── Data to examine ──

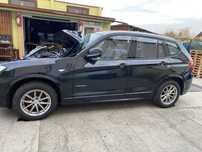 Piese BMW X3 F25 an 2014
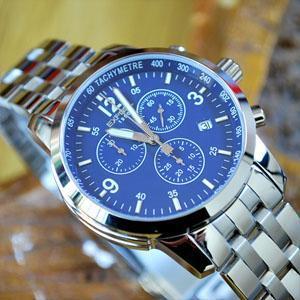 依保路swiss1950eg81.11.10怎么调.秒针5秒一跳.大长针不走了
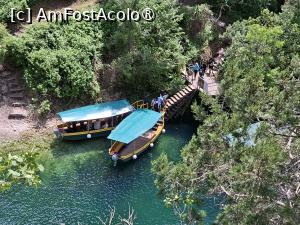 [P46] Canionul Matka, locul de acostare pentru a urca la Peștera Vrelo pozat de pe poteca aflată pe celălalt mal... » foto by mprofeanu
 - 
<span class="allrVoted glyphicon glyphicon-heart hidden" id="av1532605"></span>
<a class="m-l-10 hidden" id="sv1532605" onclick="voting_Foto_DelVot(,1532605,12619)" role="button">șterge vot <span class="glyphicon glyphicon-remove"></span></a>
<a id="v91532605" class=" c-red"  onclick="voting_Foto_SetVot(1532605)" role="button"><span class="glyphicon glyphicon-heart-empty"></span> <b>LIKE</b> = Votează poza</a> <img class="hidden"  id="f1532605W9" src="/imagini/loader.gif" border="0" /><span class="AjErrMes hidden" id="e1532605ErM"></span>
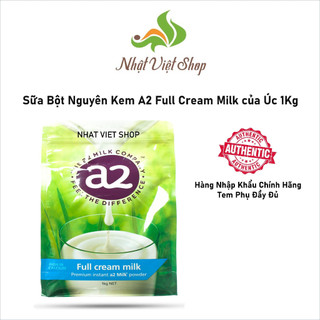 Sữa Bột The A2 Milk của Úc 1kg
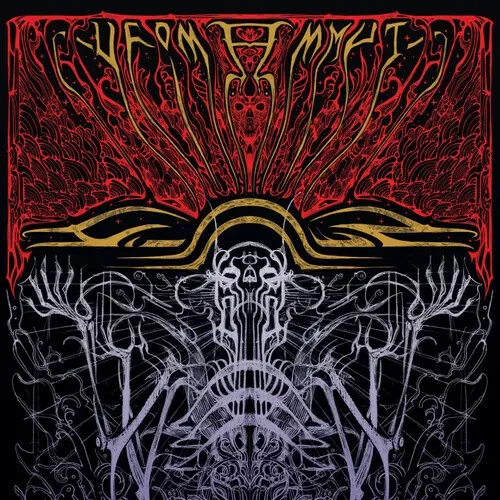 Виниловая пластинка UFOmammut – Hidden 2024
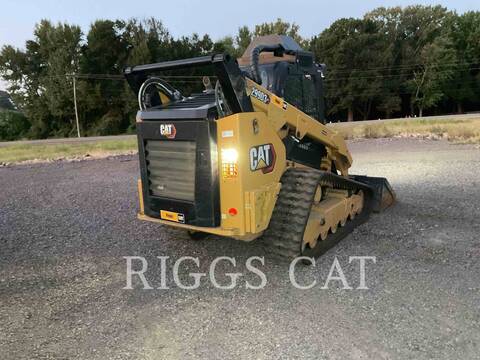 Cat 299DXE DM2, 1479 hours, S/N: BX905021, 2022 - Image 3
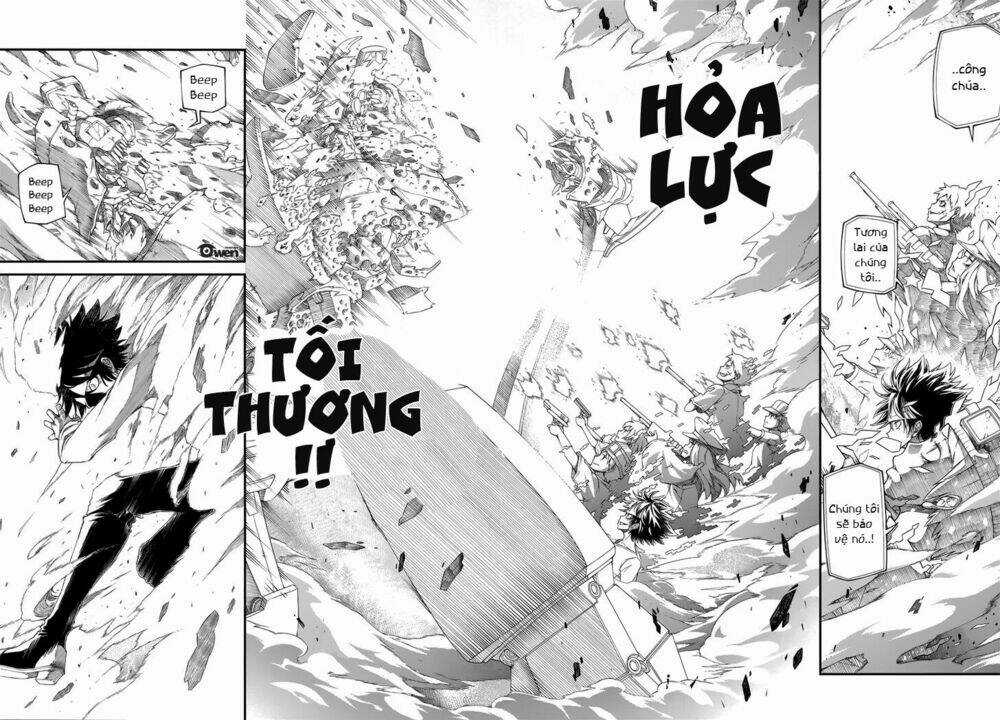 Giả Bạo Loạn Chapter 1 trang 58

───
── Data to examine ──

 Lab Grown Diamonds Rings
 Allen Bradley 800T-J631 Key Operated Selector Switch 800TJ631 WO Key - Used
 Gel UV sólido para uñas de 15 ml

───
── Data to examine ──

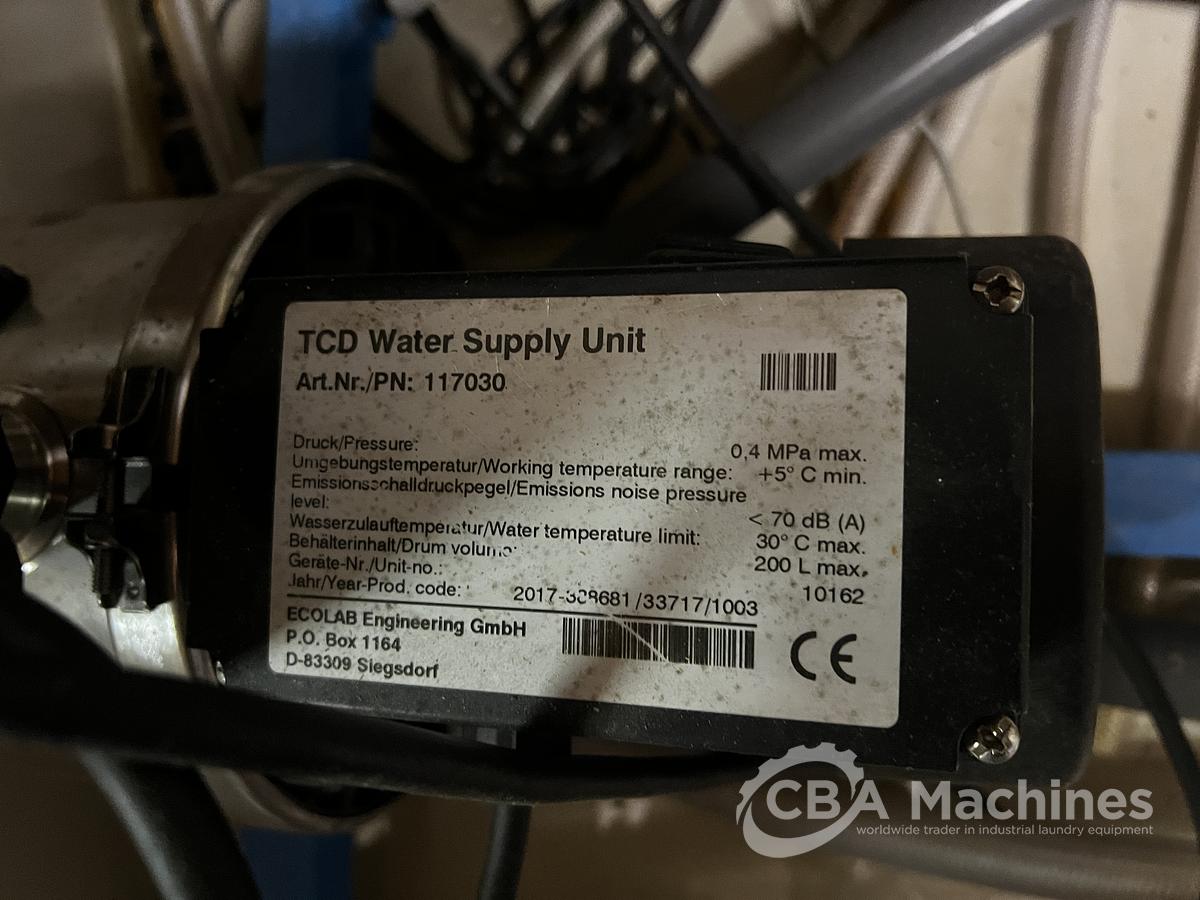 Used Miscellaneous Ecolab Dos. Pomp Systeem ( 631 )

───

▶ Directions for this task
If a line in the data holds the string "class", copy that line.

▶ Written response
<span class="allrVoted glyphicon glyphicon-heart hidden" id="av1532605"></span>
<a class="m-l-10 hidden" id="sv1532605" onclick="voting_Foto_DelVot(,1532605,12619)" role="button">șterge vot <span class="glyphicon glyphicon-remove"></span></a>
<a id="v91532605" class=" c-red"  onclick="voting_Foto_SetVot(1532605)" role="button"><span class="glyphicon glyphicon-heart-empty"></span> <b>LIKE</b> = Votează poza</a> <img class="hidden"  id="f1532605W9" src="/imagini/loader.gif" border="0" /><span class="AjErrMes hidden" id="e1532605ErM"></span>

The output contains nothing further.